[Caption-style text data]
════════════════

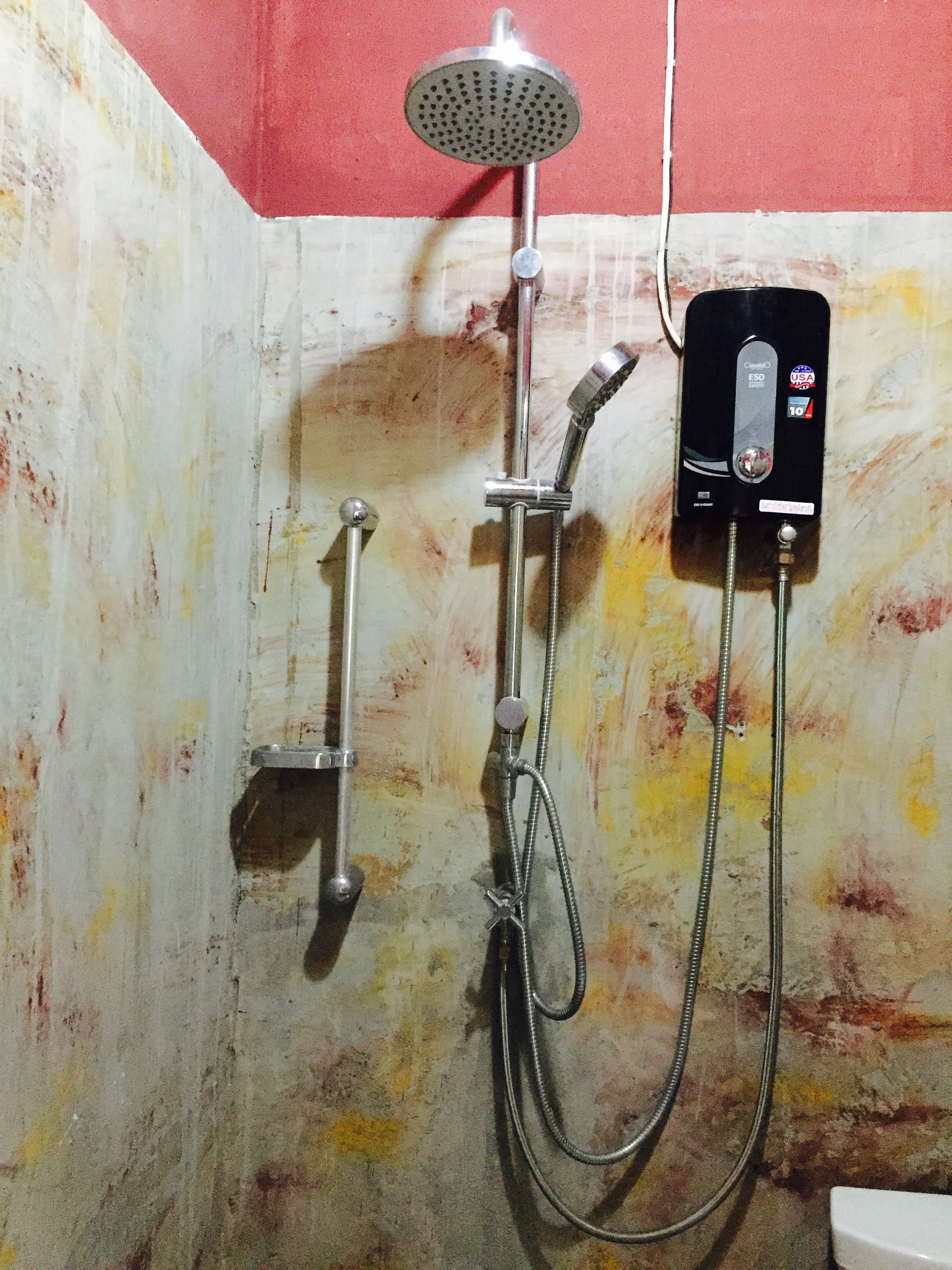 A shower area with a handheld showerhead, a wall-mounted showerhead, and a handheld shower hose.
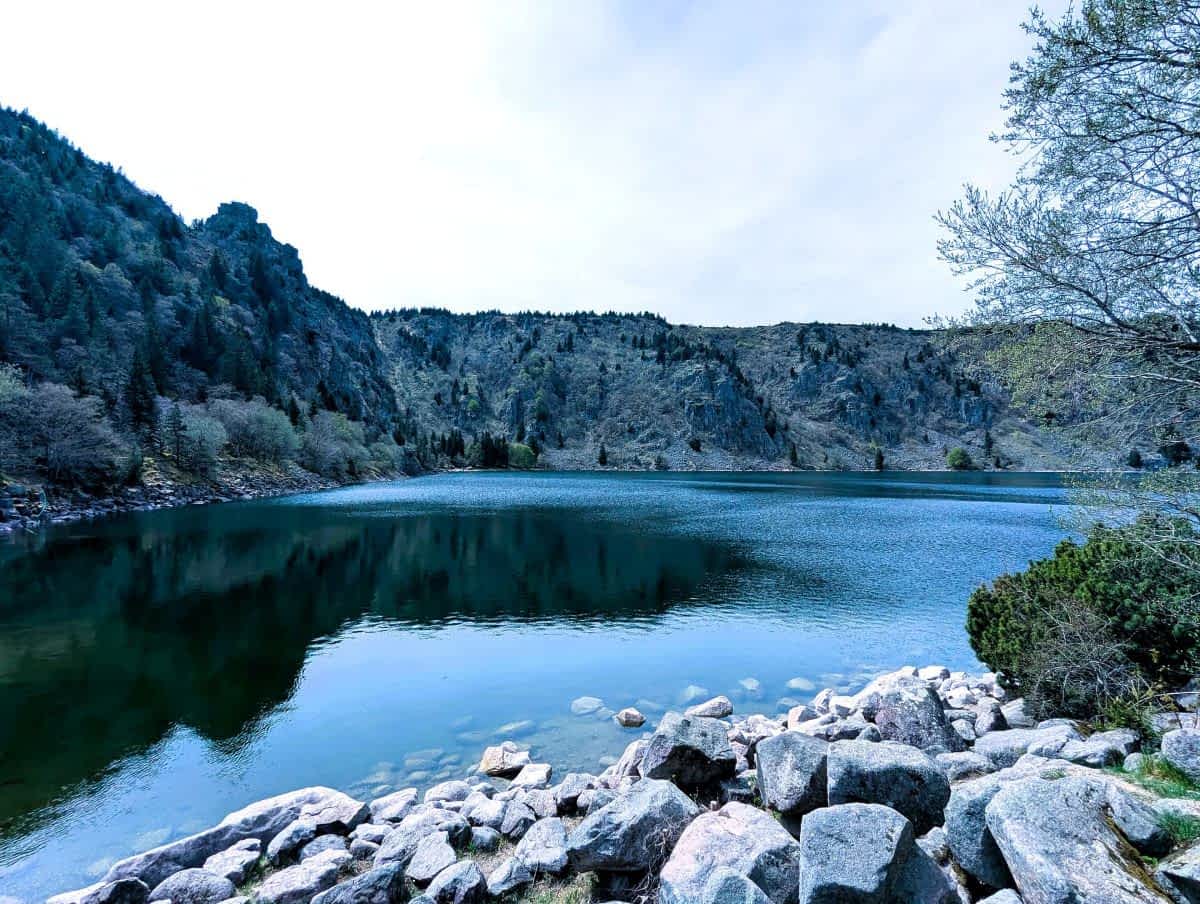 Ein klarer, blauer Bergsee (Lac Blanc) in den Vogesen, umgeben von steilen, bewaldeten Felswänden und grauen Granitblöcken im Vordergrund Ein klarer, blauer Bergsee (Lac Blanc) in den Vogesen, umgeben von steilen, bewaldeten Felswänden und grauen Granitblöcken im Vordergrund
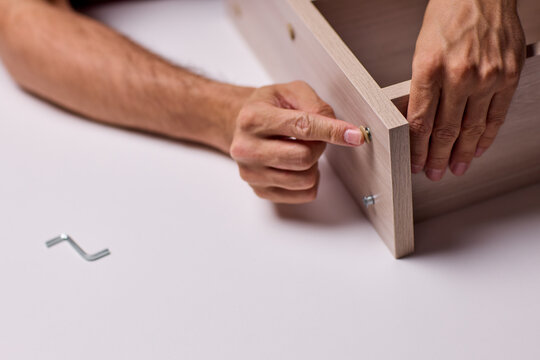 Adult hands cutting stacked corrugated cardboard sheets with utility knife on workbench, close-up of layered edges and precise manual slicing under warm indoor light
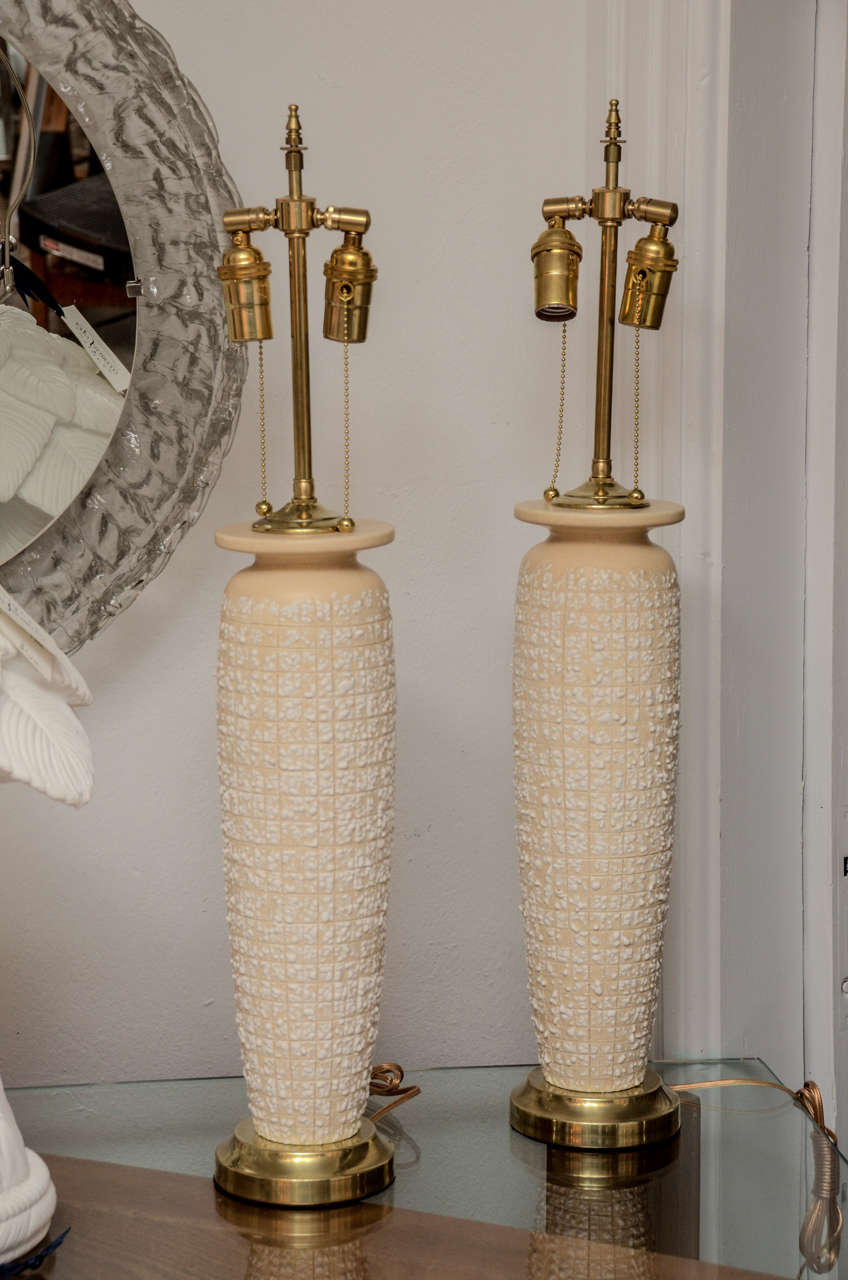 Pair of textured ceramic table lamps with brass accents.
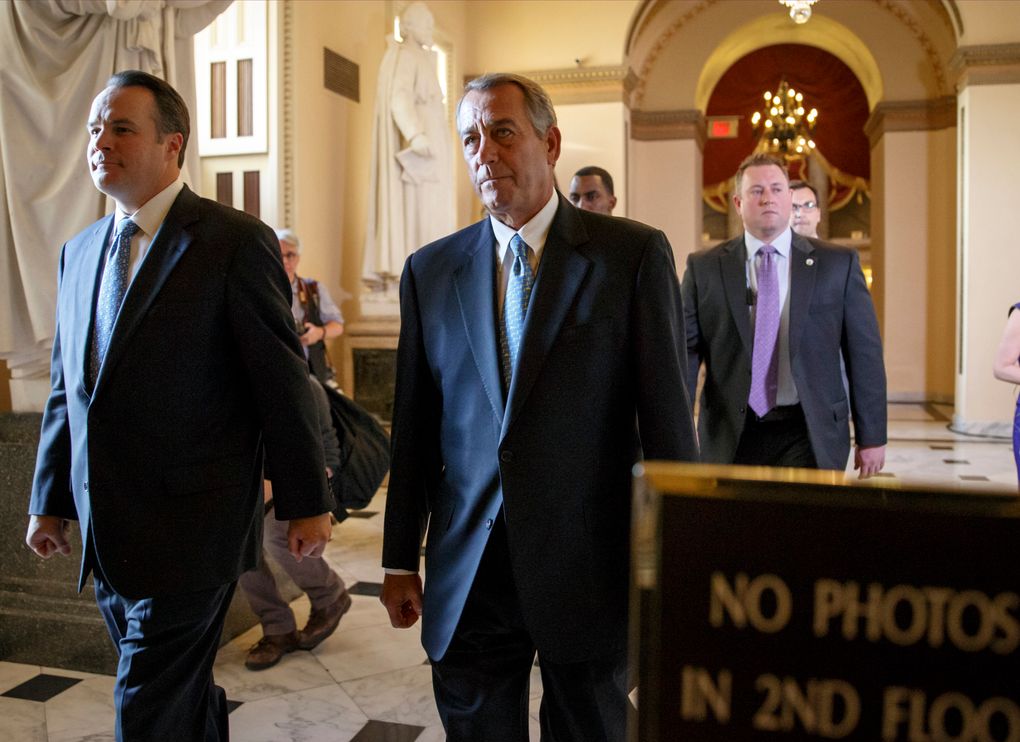 Speaker John Boehner, R-Ohio, center, walks to the House chamber Friday, when conservatives spurned a three-week Department of Homeland Security funding measure.  (J. Scott Applewhite/AP)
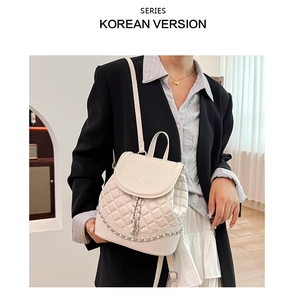 Close-up of quilted beige backpack with silver chain detail and elegant RDMAN logo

════════════════

**WHAT YOU NEED TO DO:** Leave out the pictures and copy every record above exactly.

**TASK SOLUTION:**
 A shower area with a handheld showerhead, a wall-mounted showerhead, and a handheld shower hose.
 Ein klarer, blauer Bergsee (Lac Blanc) in den Vogesen, umgeben von steilen, bewaldeten Felswänden und grauen Granitblöcken im Vordergrund Ein klarer, blauer Bergsee (Lac Blanc) in den Vogesen, umgeben von steilen, bewaldeten Felswänden und grauen Granitblöcken im Vordergrund
 Adult hands cutting stacked corrugated cardboard sheets with utility knife on workbench, close-up of layered edges and precise manual slicing under warm indoor light
 Pair of textured ceramic table lamps with brass accents.
 Speaker John Boehner, R-Ohio, center, walks to the House chamber Friday, when conservatives spurned a three-week Department of Homeland Security funding measure.  (J. Scott Applewhite/AP)
 Close-up of quilted beige backpack with silver chain detail and elegant RDMAN logo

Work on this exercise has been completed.